USA TODAY Sports Weekly
Princeton’s run shows how much committee under-ranks
It’s the madness that makes March so special, and the past few days have been absolutely bonkers.
Princeton continued as one of the poster children for why this is the greatest month in sports, with the 15-seed Tigers reaching the men’s Sweet 16 with last weekend’s 78-63 win over Missouri in Sacramento, California.
But as the men’s NCAA Tournament’s latest uplifting underdog scenario plays out, Princeton also symbolized what’s becoming an increasing problem for the Big Dance.
The Ivy League champs were the best team on the court start to finish, producing the largest margin of victory ever by a team seeded 15th. They shredded the Missouri defense while limiting the fourth-place Southeastern Conference team’s ability to get out on fast breaks.
Note to selection committee: There are hidden gems
It’s just the latest example of the selection committee badly under-ranking a midmajor program, as it becomes increasingly clear that those teams are not getting the respect they deserve. And it’s the New Jersey teams the past two years that have made it clear that metrics don’t measure things like heart and determination.
“The best version of us we felt like could beat the best version of them, and they did it,” Princeton coach Mitch Henderson said. “Yes, we’re going to the Sweet 16 but this is a really unique group and I think in the tournament each one has a special life, and this one has a really special life.”
It’s time for the committee members to start catching on to the level of play of some of these supposed lesser leagues, which are increasingly making
their seeds look silly.
Anyone who watched the Ivy League this season saw how ultra-competitive it was. Every game was a battle. And Princeton wasn’t even the best team during the second half of the season. Yet the Tigers have obliterated the bracket, beginning with its first-round takedown of East 2-seed Arizona.

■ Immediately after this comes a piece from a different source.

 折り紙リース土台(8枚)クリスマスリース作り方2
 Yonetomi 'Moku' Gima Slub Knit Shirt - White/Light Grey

“The last five or six games of the season, they were all huge games. They all felt like championship games,” senior forward Tosan Evbuomwan said. “The Yale loss (in overtime on Feb. 18) was a turning point for us. We were able to refocus the day after
in practice and go forward. But all those games were big games and that kind of gives us confidence, going into each game here, and the Ivy championship as well, like we’ve been here before. Obviously, this is the biggest stage, and we were able to get it done.”
It was the same blueprint a year ago for Saint Peter’s, the first 15-seed to reach the Elite Eight. The Metro Atlantic Athletic Conference was brutal night in and night out, and what emerged was a battle-hardened squad that took down Kentucky, Murray State and Purdue before falling to finalist North Carolina.
Already this year it was Furman advancing to the second round as a 13-seed, and Fairleigh
Dickinson pulling off the biggest stunner of all, emerging from the play-in game to become just the second 16-seed ever to advance, beating Purdue.
The more the merrier?
Missouri coach Dennis Gates feels there are plenty of teams just like Princeton that didn’t get in and thinks it’s time for the NCAA to expand the tournament past the current 68 teams, an idea that has picked up support in recent years.
“It’s always been a great tournament,” he said. “I just think it has been a tournament – the NCAA Tournament has always expanded, if you look at the history of it. And I truly believe a lot of good teams have been left out. If you look at the NIT, if you look at teams in the Ivy League.
“We were fortunate enough to play Penn, who was the preseason favorite. We were fortunate enough to watch as much Princeton as we could.
“I have seen several very good teams in that conference that could very well be in the NCAA Tournament.
“All I’m saying is, in the big picture, it’s probably time for expansion – that’s a good team we played, and several teams, including Vanderbilt from our conference, were left out.”
New Jersey’s best?
Princeton looks like the best team from New Jersey right now, bad losses and all.
By contrast, if Rutgers had received an invitation, like it should have, the Scarlet Knights, having lost seven of their last 10, likely would have been an 11 seed. And they ended up getting knocked out in the first round of the NIT.
And while it’s not fair to Princeton, how about Arizona, which worked hard all season to secure a No. 2 seed and deserved a softer first foe.
For Princeton, it’s a metricsbased spiral it can’t escape right now. Henderson has repeatedly expressed his frustration with his inability to get high-major programs – most notably Rutgers – to play his team. They couldn’t schedule a single highmajor this season. That after knocking off South Carolina and Oregon State last season.
At least privately, Missouri had to be ecstatic after Princeton dispatched a Pac-12 power in Arizona.
But it’s the latest example of the quality of the teams midmajor leagues are producing. And it’s about time the selection committee starts giving some of the teams the respect they deserve.